The inequalities are with respect to a cone C defined as the Cartesian
product of N + M + 1 cones:
C = C_0 x C_1 x .... x C_N x C_{N+1} x ... x C_{N+M}.
The first cone C_0 is the nonnegative orthant of dimension ml.
The next N cones are 2nd order cones of dimension mq[0], ..., mq[N-1].
The second order cone of dimension m is defined as
{ (u0, u1) in R x R^{m-1} | u0 >= ||u1||_2 }.
The next M cones are positive semidefinite cones of order ms[0], ...,
ms[M-1] >= 0.
Input arguments (basic usage).
P is a dense or sparse 'd' matrix of size (n,n) with the lower
triangular part of the Hessian of the objective stored in the
lower triangle. Must be positive semidefinite.
q is a dense 'd' matrix of size (n,1).
dims is a dictionary with the dimensions of the components of C.
It has three fields.
- dims['l'] = ml, the dimension of the nonnegative orthant C_0.
(ml >= 0.)
- dims['q'] = mq = [ mq[0], mq[1], ..., mq[N-1] ], a list of N
integers with the dimensions of the second order cones
C_1, ..., C_N. (N >= 0 and mq[k] >= 1.)
- dims['s'] = ms = [ ms[0], ms[1], ..., ms[M-1] ], a list of M
integers with the orders of the semidefinite cones
C_{N+1}, ..., C_{N+M}. (M >= 0 and ms[k] >= 0.)
The default value of dims = {'l': G.size[0], 'q': [], 's': []}.
G is a dense or sparse 'd' matrix of size (K,n), where
K = ml + mq[0] + ... + mq[N-1] + ms[0]**2 + ... + ms[M-1]**2.
Each column of G describes a vector
v = ( v_0, v_1, ..., v_N, vec(v_{N+1}), ..., vec(v_{N+M}) )
in V = R^ml x R^mq[0] x ... x R^mq[N-1] x S^ms[0] x ... x S^ms[M-1]
stored as a column vector
[ v_0; v_1; ...; v_N; vec(v_{N+1}); ...; vec(v_{N+M}) ].
Here, if u is a symmetric matrix of order m, then vec(u) is the
matrix u stored in column major order as a vector of length m**2.
We use BLAS unpacked 'L' storage, i.e., the entries in vec(u)
corresponding to the strictly upper triangular entries of u are
not referenced.
h is a dense 'd' matrix of size (K,1), representing a vector in V,
in the same format as the columns of G.
A is a dense or sparse 'd' matrix of size (p,n). The default
value is a sparse 'd' matrix of size (0,n).
b is a dense 'd' matrix of size (p,1). The default value is a
dense 'd' matrix of size (0,1).
It is assumed that rank(A) = p and rank([P; A; G]) = n.
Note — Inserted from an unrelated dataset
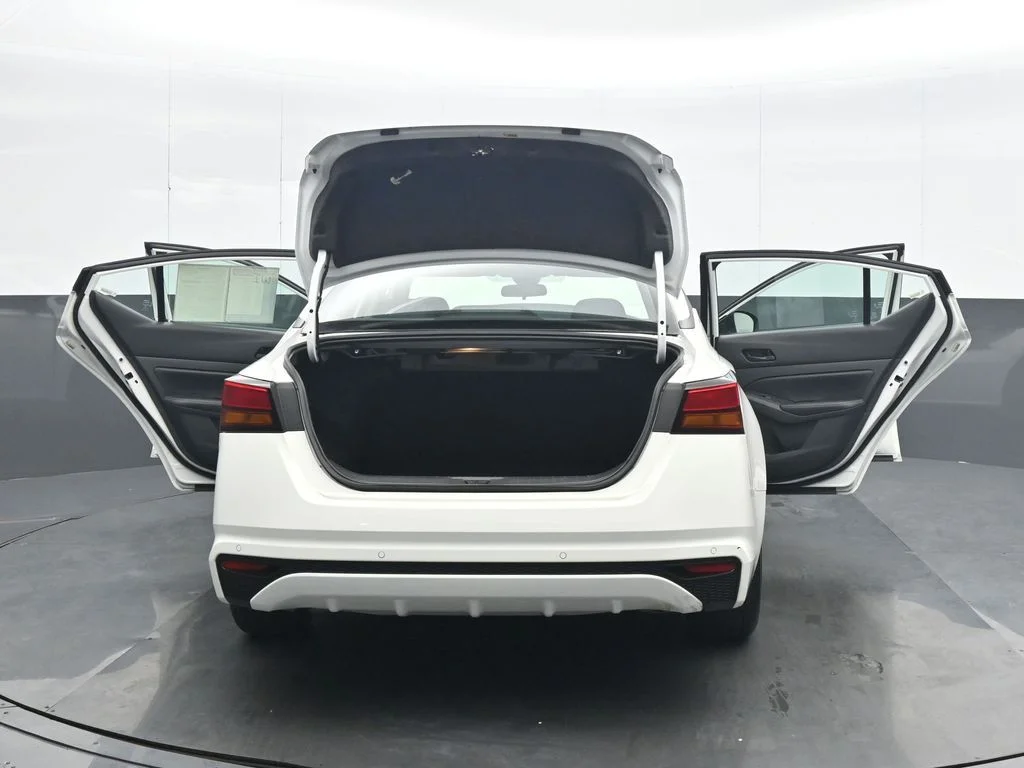 Used 2025 White Nissan 2.5 SV image 35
The other arguments are normally not needed. They make it possible
to exploit certain types of structure, as described below.
Output arguments.
Returns a dictionary with keys 'status', 'x', 's', 'z', 'y',
'primal objective', 'dual objective', 'gap', 'relative gap',
'primal infeasibility', 'dual infeasibility', 'primal slack',
'dual slack', 'iterations'.
The 'status' field has values 'optimal' or 'unknown'. 'iterations'
is the number of iterations taken.
If the status is 'optimal', 'x', 's', 'y', 'z' are an approximate
solution of the primal and dual optimality conditions
G*x + s = h, A*x = b
P*x + G'*z + A'*y + q = 0
s >= 0, z >= 0
s'*z = 0.
If the status is 'unknown', 'x', 'y', 's', 'z' are the last
iterates before termination. These satisfy s > 0 and z > 0,
but are not necessarily feasible.
The values of the other fields are defined as follows.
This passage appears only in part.